Magic helps children with cerebral palsy

By Drum Digital
22 August 2014

Researchers from Britain have found a new form of treatment by teaching children with cerebral palsy magic.

For most of us, everyday activities like tying our shoelaces, getting dressed or brushing our hair is second nature. But for children with cerebral palsy, being able to do these simple tasks is just magic!

Now occupational therapists and magicians from Breathe Arts Health Research aim to make rehabilitation fun for them, with literally a few tricks up their sleeves.

Children with cerebral palsy (also known as hemiplegia) usually have paralysis on one side of their bodies, and have difficulty with day-to-day tasks.

Traditional therapy exercises can help. But many children find these boring, which can slow down their progress.

Put a wand in that child’s hand, however, and it’s a different matter.

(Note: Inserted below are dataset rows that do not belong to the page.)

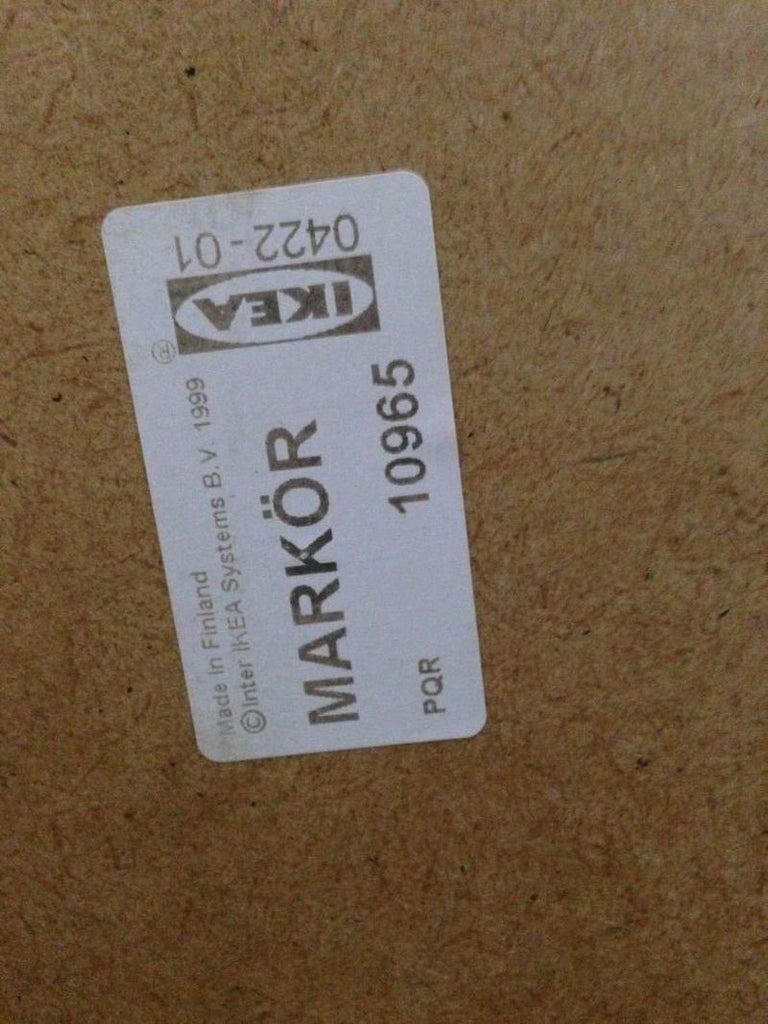 2. Close-up of IKEA sticker labeled "MARKÖR" on the plywood back of a bookshelf.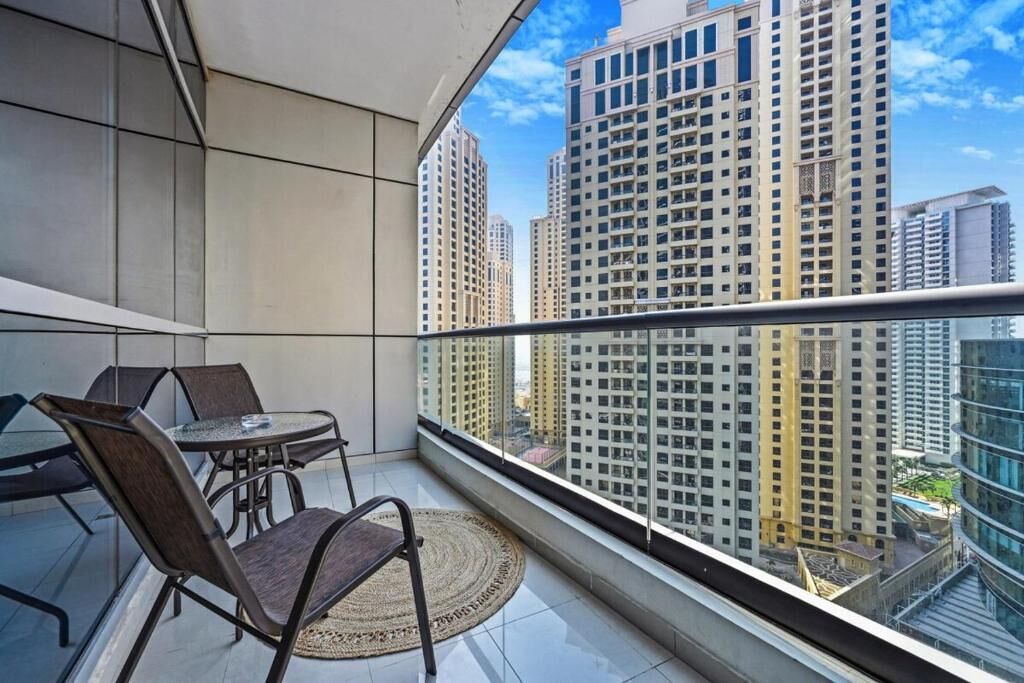 Un balcón con mesa y sillas, vista a edificios altos y cielo despejado.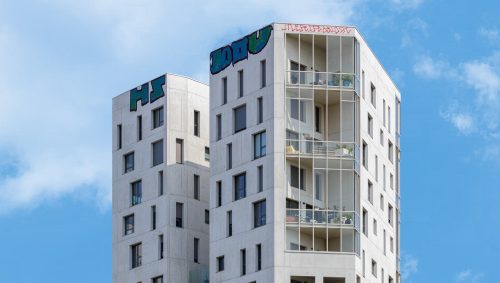Le Duo des Cimes à Nantes, un ensemble architectural moderne en béton blanc, se dresse sous un ciel bleu clair avec quelques nuages ; des graffitis colorés décorent le sommet des bâtiments.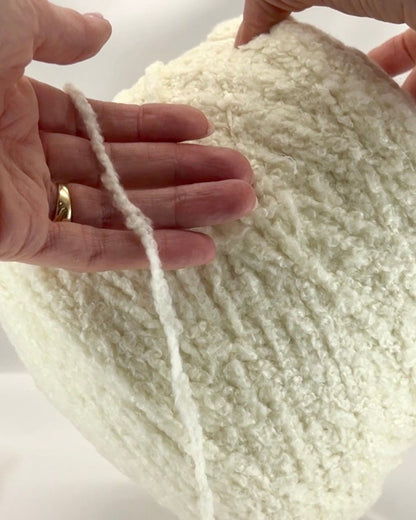 Close-up of hands holding a ball of white yarn with a plain background
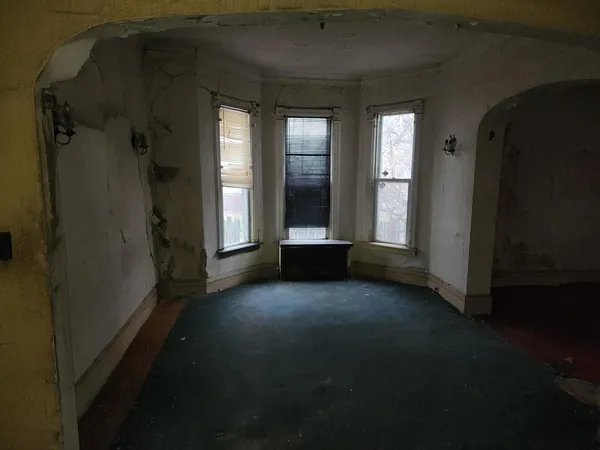 a view of gallery with windows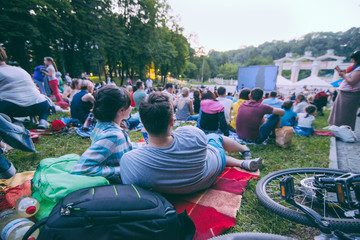 people watching movie in open air cinema in city park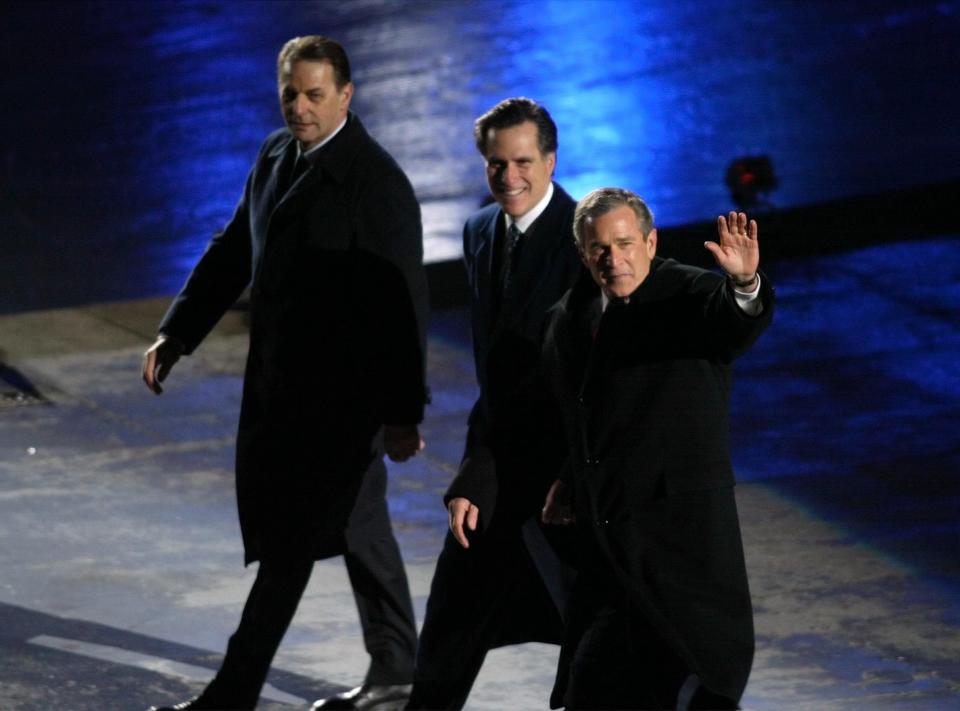 International Olympic Committee President Dr. Jacques Rogge, left, Salt Lake Organizing Committee President Mitt Romney and U.S. President George W. Bush wave to the crowd before moving to their seats during the Salt Lake 2002 Winter Games opening ceremony at the University of Utah’s Rice-Eccles Stadium on Friday, Feb 8, 2002. | Tom Smart, Deseret News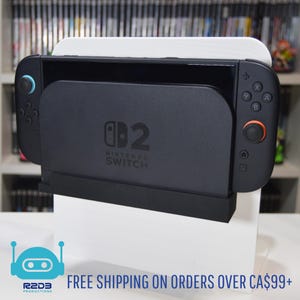 May include: A black Nintendo Switch console with attached controllers, resting on a white stand. The console has blue and orange accents on the controllers. The text "002 Nintendo Switch" is visible on the console.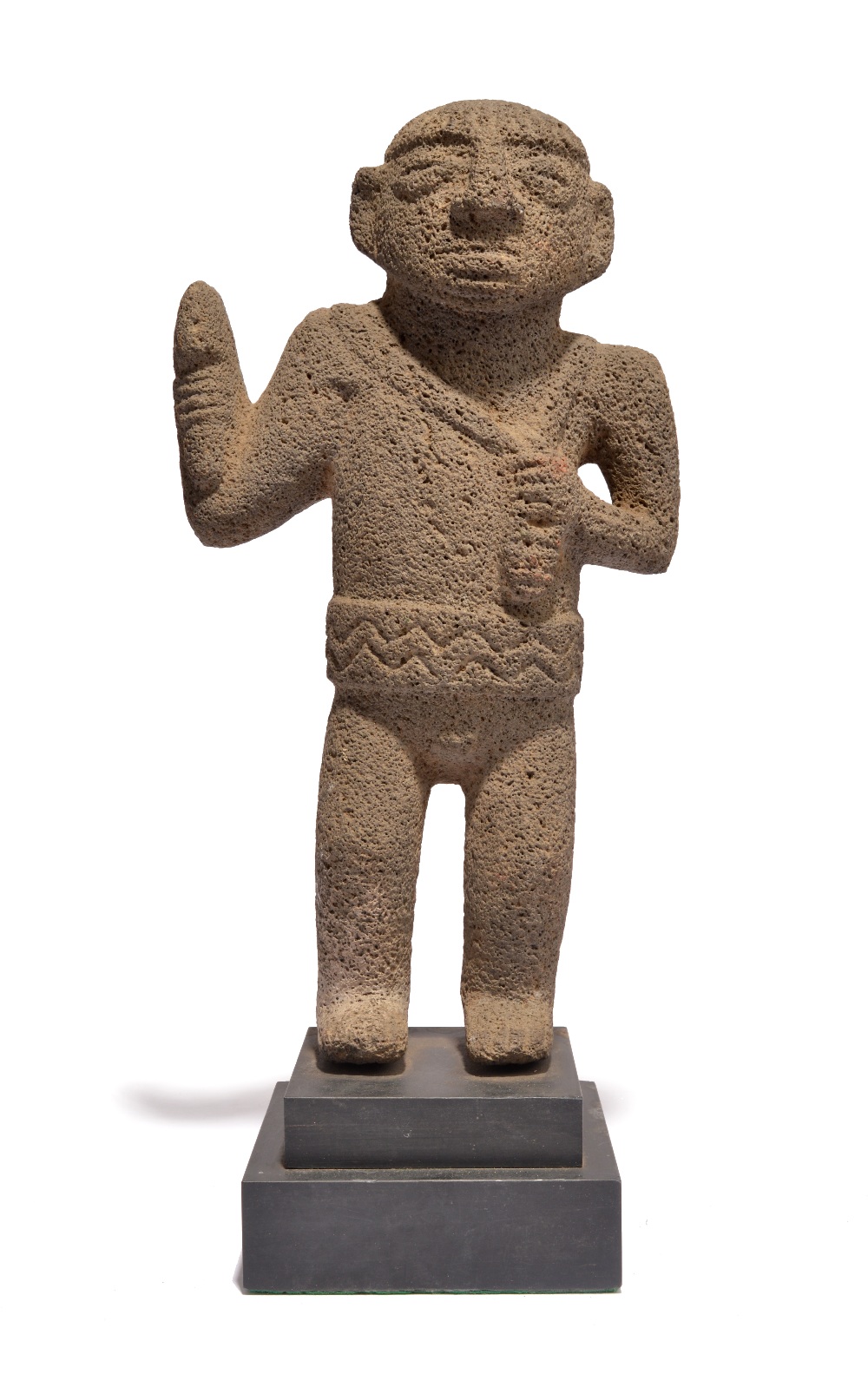 A Costa Rica standing figure volcanic rock, with a crossed and ribbed coiffure, holding an axe in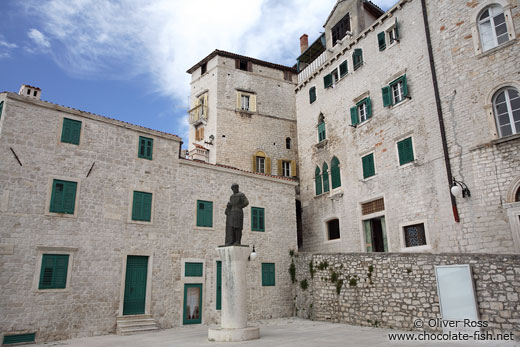 Houses in Sibenik with the bronze statue of Dalmatinac by Ivan Mestrovic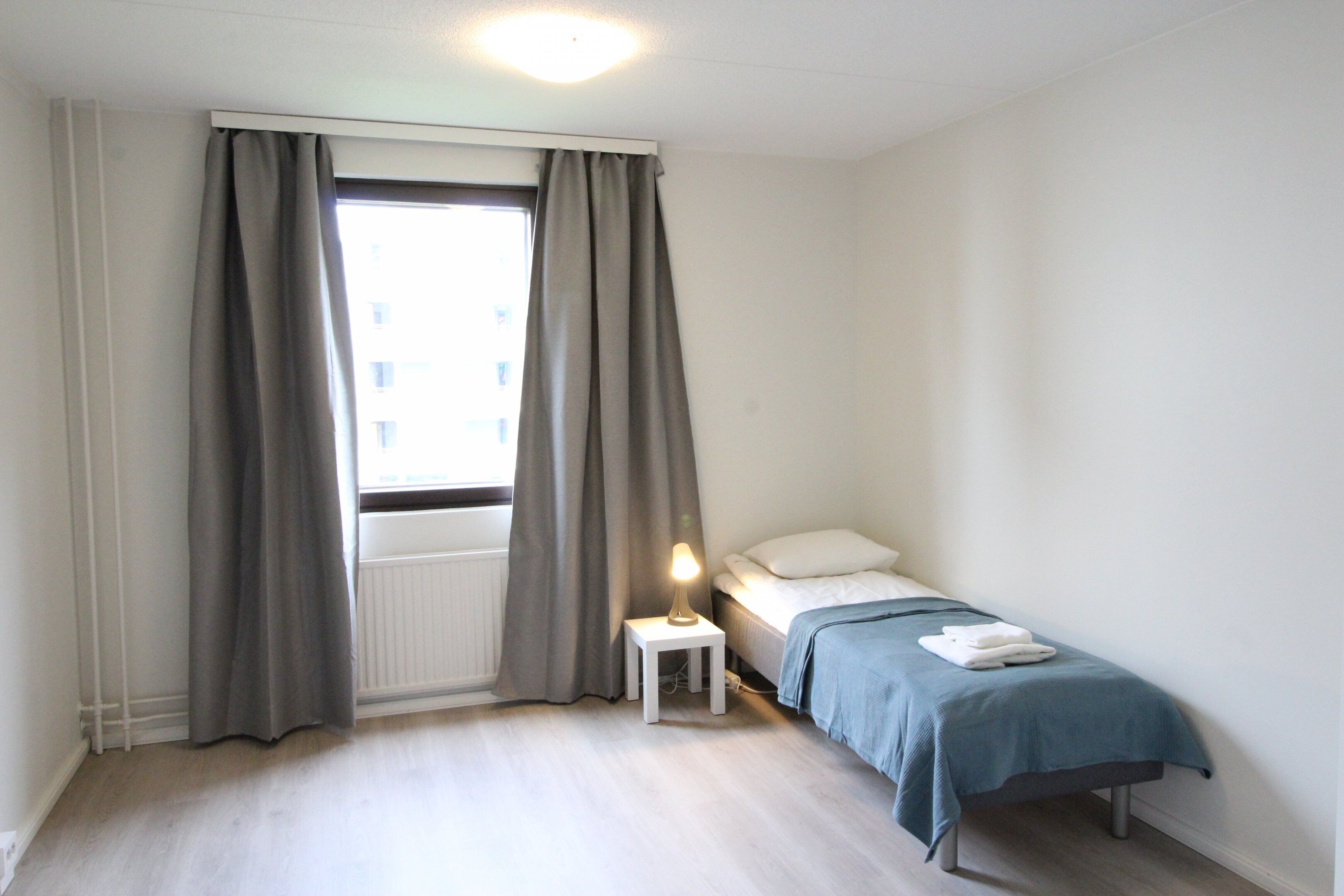 A small, clean room with a single bed, a nightstand with a lamp, and a window with curtains.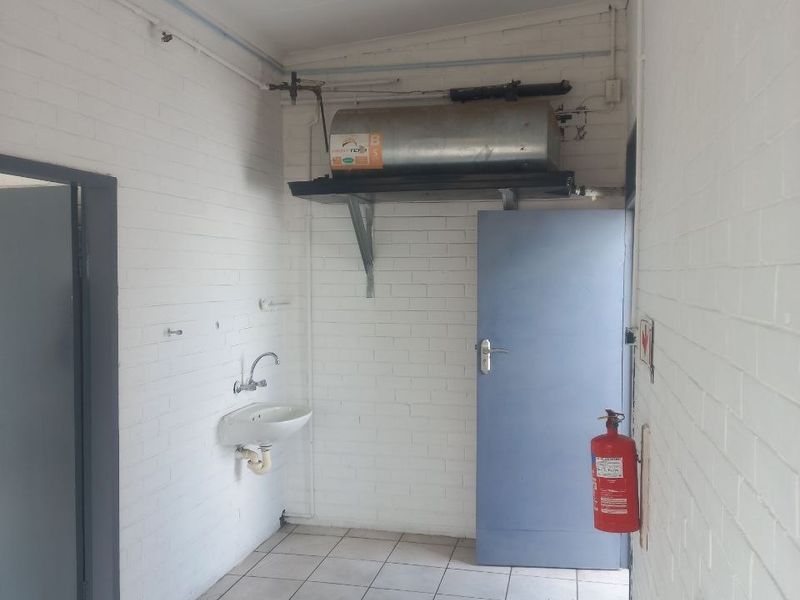 Functional utility space featuring a wall-mounted basin, electric geyser, and tiled flooring, suitable for industrial or service use.
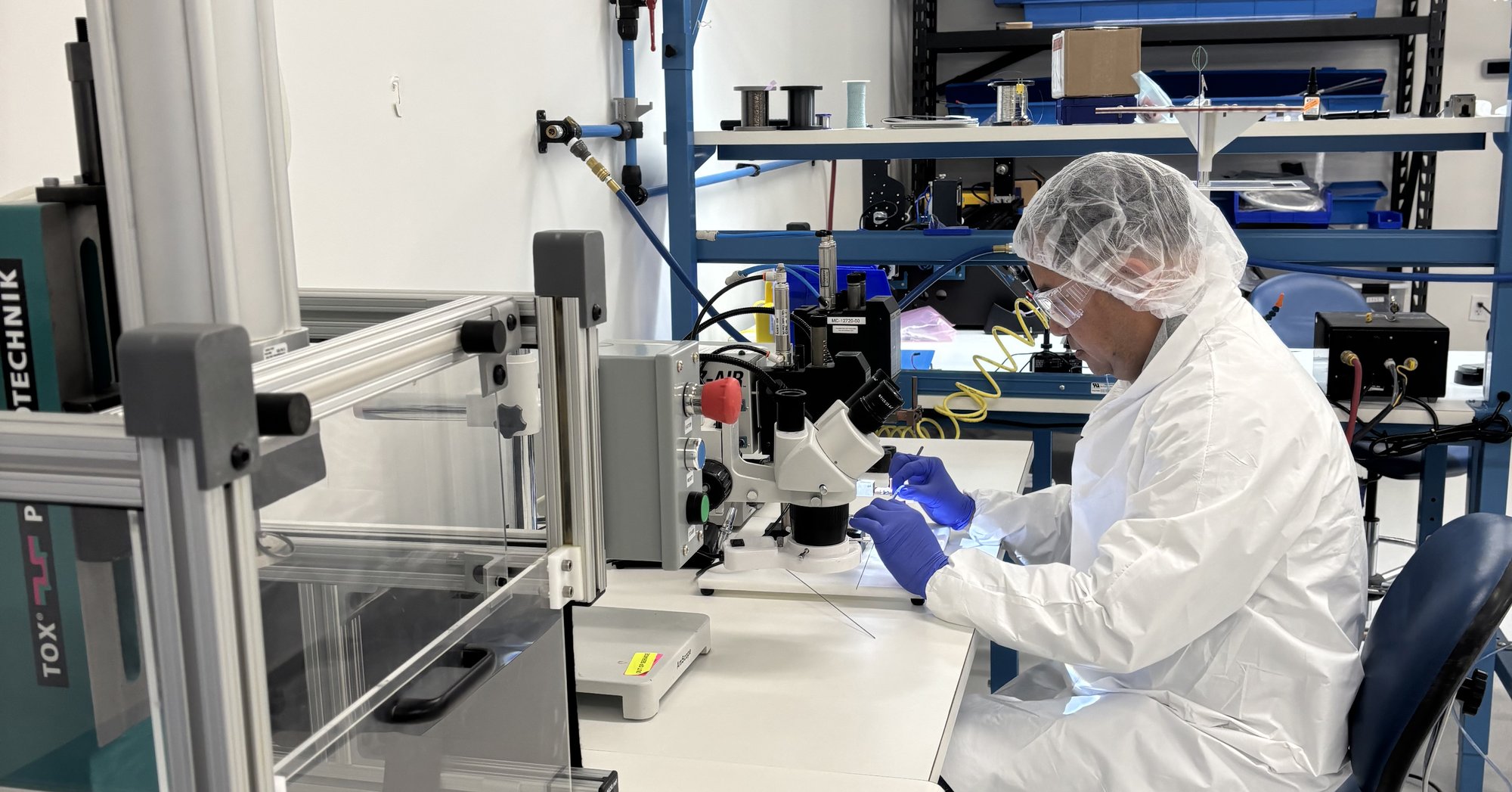 Technician performing device testing at an equipment bench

According to Dr Dido Green from Oxford Brookes University, the magic provides motivating context to practice difficult hand movements and by learning tricks it also empowers them with a skill that their peers don’t have.

As well as the weakness on one side of their bodies, children with hemiplegia often suffer from low self-esteem.

“These children, a lot of their life, have been told things are impossible. It's impossible to use that hand and arm, it feels impossible to be good at this or be able to do that,” says Dr Green.

“But we shift that mentality because they realise the impossible is possible.”